For this assignment the data has been partitioned into two. In the training part sTrainD thera are 60 samples and in the to-be-classified testing part sTestD approximately 30-60 samples. The data has been partitioned so that the first 20 samples in the training data belong to class 'Setosa', the next 20 to the class 'Versicolor', and the last 20 to 'Virginica'. In the test set the classes (species) are mixed. In practice the data set of each student is slightly different.

Both the variables are Matlab structs. The components of the structs can be accessed as follows. : sTrainD includes two variables (as also sTestD), sTrainD.data contains the data set (60x4) and sTrainD.label contains a cell array (60x1) with the true class labels for each sample. For instance, sTrainD.data(25,3) is the 3rd variable of the 25th plant. The true class of the plant ('Versicolor') is accessed via sTrainD.label{25}, note the curly braces!

An example run

(1) Examining the data matrix in Matlab

Fetch the personalised data file XXXXXY.mat (Topic #2) via http://www.cis.hut.fi/Opinnot/T-61.2010/Harjoitustyo/. (NOTE! Mail Ville.Viitaniemi () tkk.fi if you can not find data file with your student number.)

Read the file into Matlab workspace with command load. This results in two variables sTrainD and sTestD in the workspace.

You may familiarise yourself with the data by typing sTrainD in Matlab and pressing "enter". Next sTrainD.data and "enter". Ja yet sTrainD.label and "enter", and analogously for sTestD.

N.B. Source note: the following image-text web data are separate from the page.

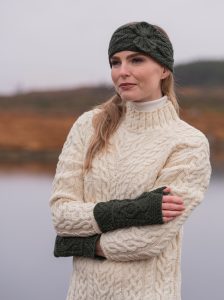 Aran Finger Less Gloves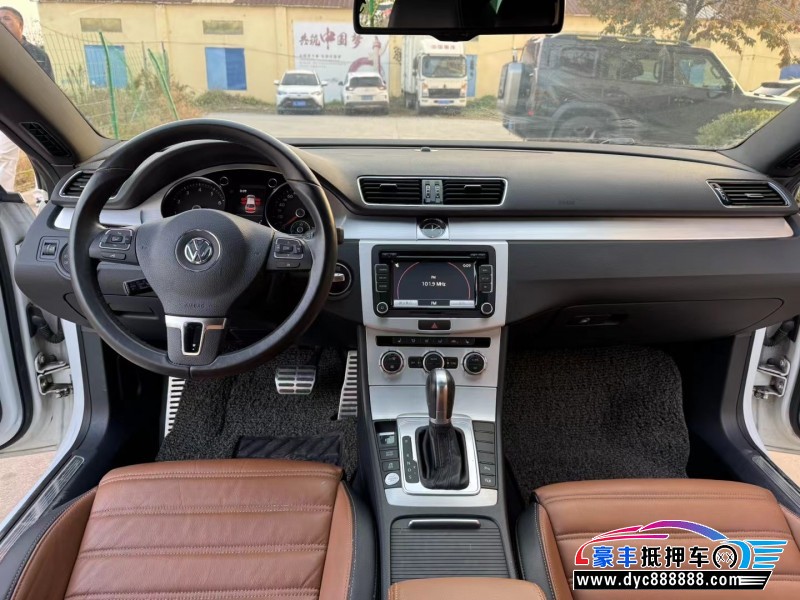 16年大众CC轿车抵押车出售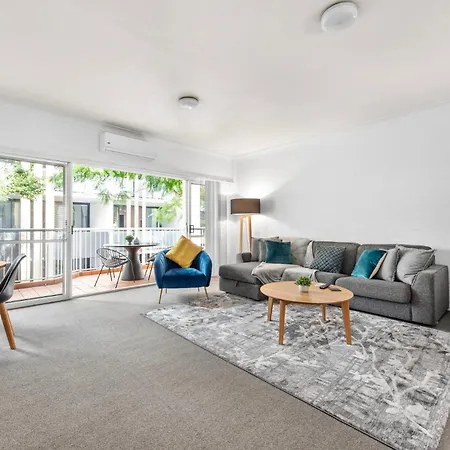 Apartment Convenient & Comfy! ~ 2bed, 2bath, 2car, Balcony Brisbane
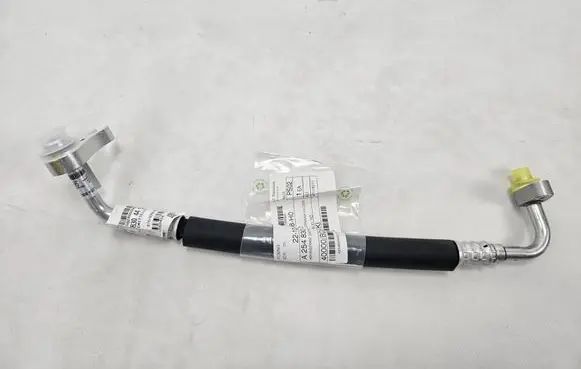 Mercedes-Benz GLC C254 Air conditioning (A/C) pipe/hose A2548304402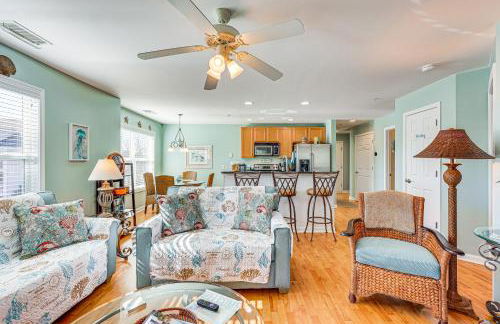 Marina and Beach Club Access Condo in Southport - Foto 5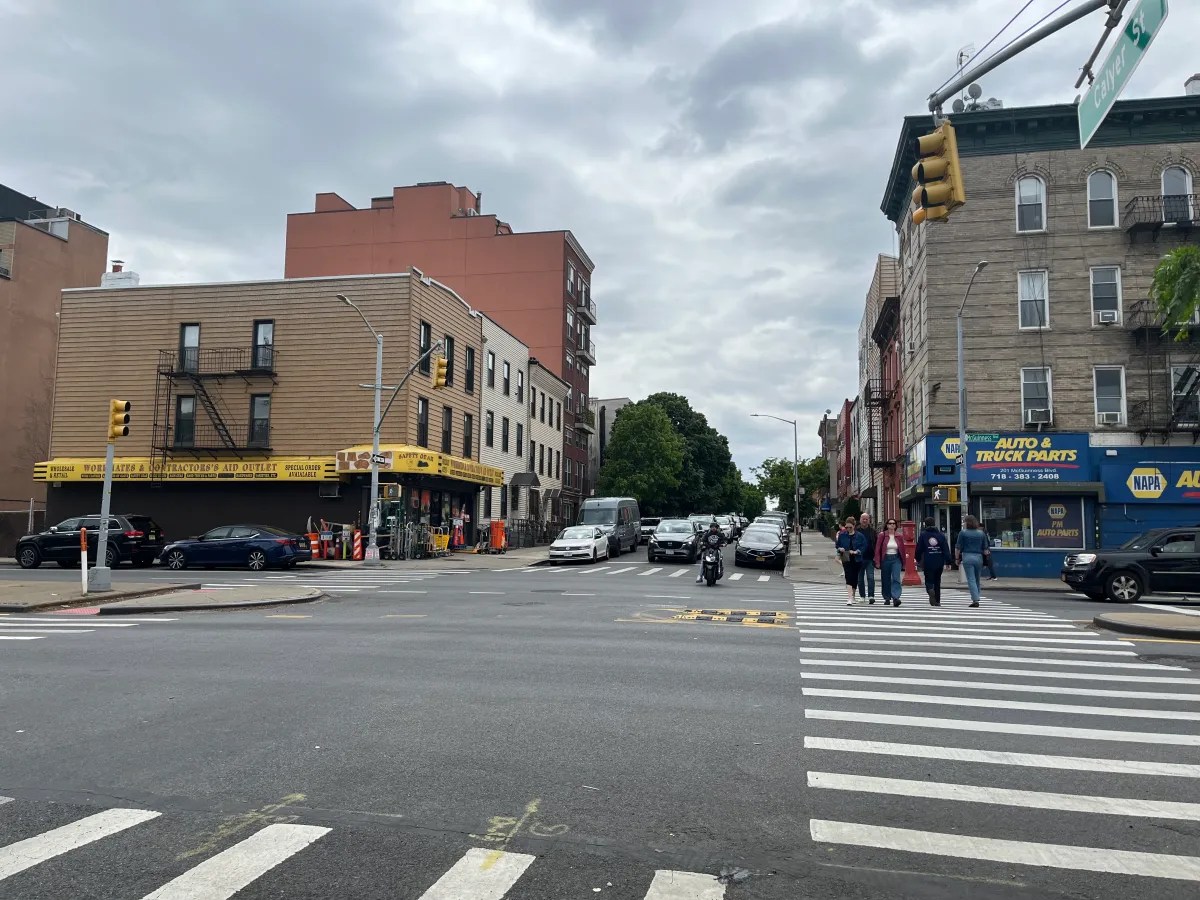 mcguinness boulevard at calyer street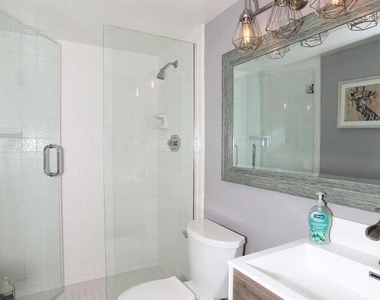 4701 N 68th Street - Photo Thumbnail 9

All the valueas of the first variable (sepal length) are given by sTrainD.data(:,1); The petal widths of all 'Versicolor' plants are given by sTrainD.data(21:40,4) as the 'Versicolor' plants reside in samples 21..40. plot can be used to visualise the data. Histogram of the data, an estimate of the distribution of the numbers, can be generated through the command hist. A separate example can be accessed through this link.

(2) Distance

Here we calculate the Euclidean distance from each sample to be classified to every sample in the trainig set, (60 x M) distances alltogether. For example, the square of the distance between 4D-points [5.1000 3.5000 1.4000 0.2000] and [5.5000 2.4000 3.7000 1.0000] is E = (5.1-5.5)^2 + (3.5-2.4)^2 + (1.4-3.7)^2 + (0.2-1.0)^2 = 7.3 (in the following we look for smallest distances, we thus do not have to take square root as square root preserves the relative ranking of the distances).

(3) K-nearest neighbour

Some value is chosen for K and the test samples are classified. For parts (3) and (4) the previously mentioned function myKnnClass.m.

(4) Classification error

The classification error is computed. An example:

K=1. Error: 3.3333%

(5) Another value of K

Another value is chosen for KAnd th eexperiments are repeated. Esimerkiksi:

K=5. Error: 5%

(6) Discussion

Consider and discuss the following in your document:

Howdo the three species 'Setosa', 'Versicolor' ja 'Virginica' separate from each other?
Which of the variables ('Sepal length', 'Sepal width', 'Petal length', 'Petal width') separated the species?
What kind of classification errors were obtained with different values of K? How does varying K affect the result and the computation in general?
What could be an alternative way to perform the classification? What would be the easiest way (of course with as small error as possible)?
Additionally imagine a data set with one variable varying between 20 200 meters (e.g. uniformly) and another varying between 0.35 mm and 0.94 mm:. What kind of problems could arise (e.g. when calculating the distances between the points)? How could this situation be helped?

In the end of the document, please write feedback on completing the assignment and estimate the time you used. Remember to mention if you co-operate with someone else!